# Exercise:
Write out each record exactly as it stands. No pictures belong in the copy.

# Extracted records:
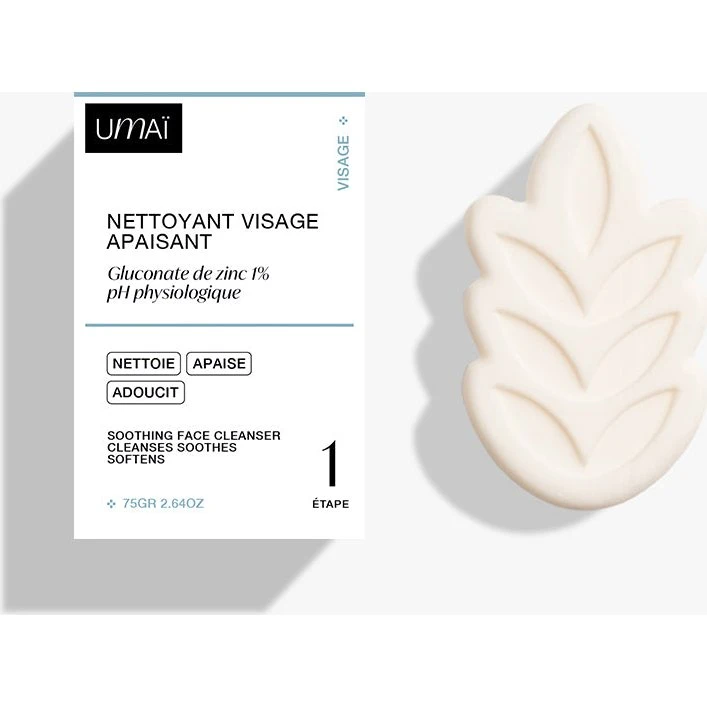 Umaï Nettoyant Visage Solide Zinc Rosé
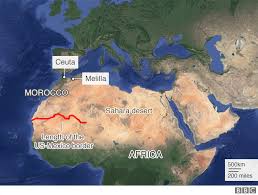 Here are some world map pics which was covered by melvin mathew. Trump Urged Spain To Build A Wall Across Sahara Says Minister Bbc News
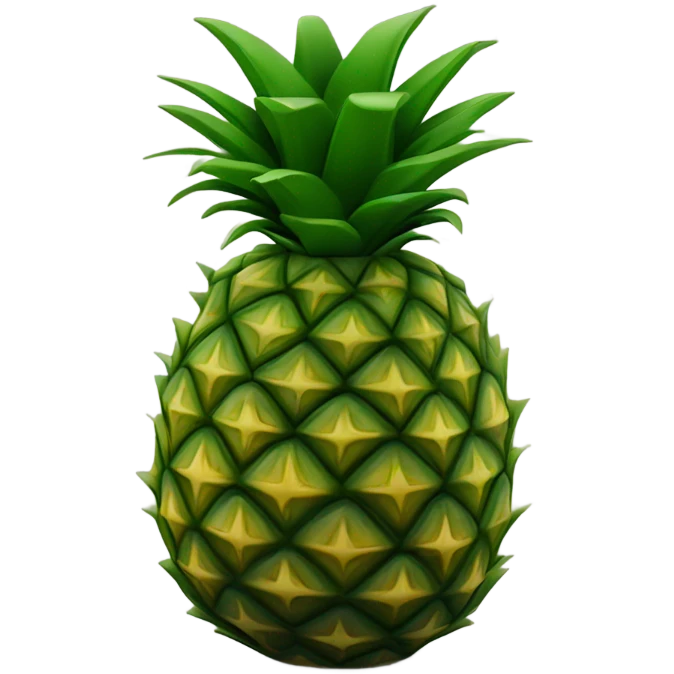 Black pineapple  emoji
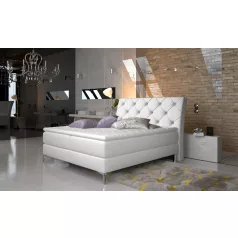 Adel 140x200 boxspring ágy  fehér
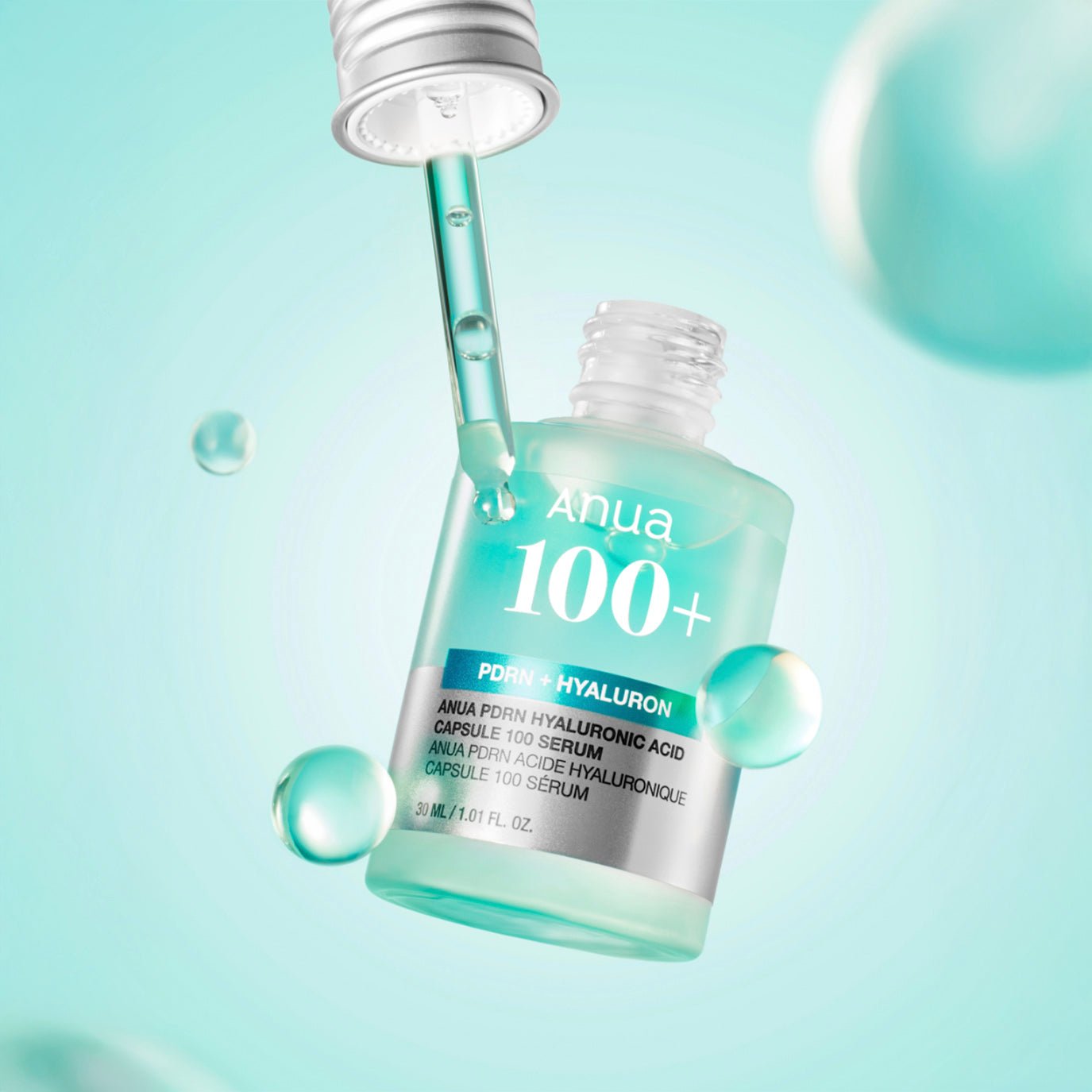 Anua PDRN Hyaluronic Acid Capsule 100 Serum – Sérum hydratant intensif à l’acide hyaluronique et PDRN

# Result of the task:
 Umaï Nettoyant Visage Solide Zinc Rosé
 Here are some world map pics which was covered by melvin mathew. Trump Urged Spain To Build A Wall Across Sahara Says Minister Bbc News
 Black pineapple  emoji
 Adel 140x200 boxspring ágy  fehér
 Anua PDRN Hyaluronic Acid Capsule 100 Serum – Sérum hydratant intensif à l’acide hyaluronique et PDRN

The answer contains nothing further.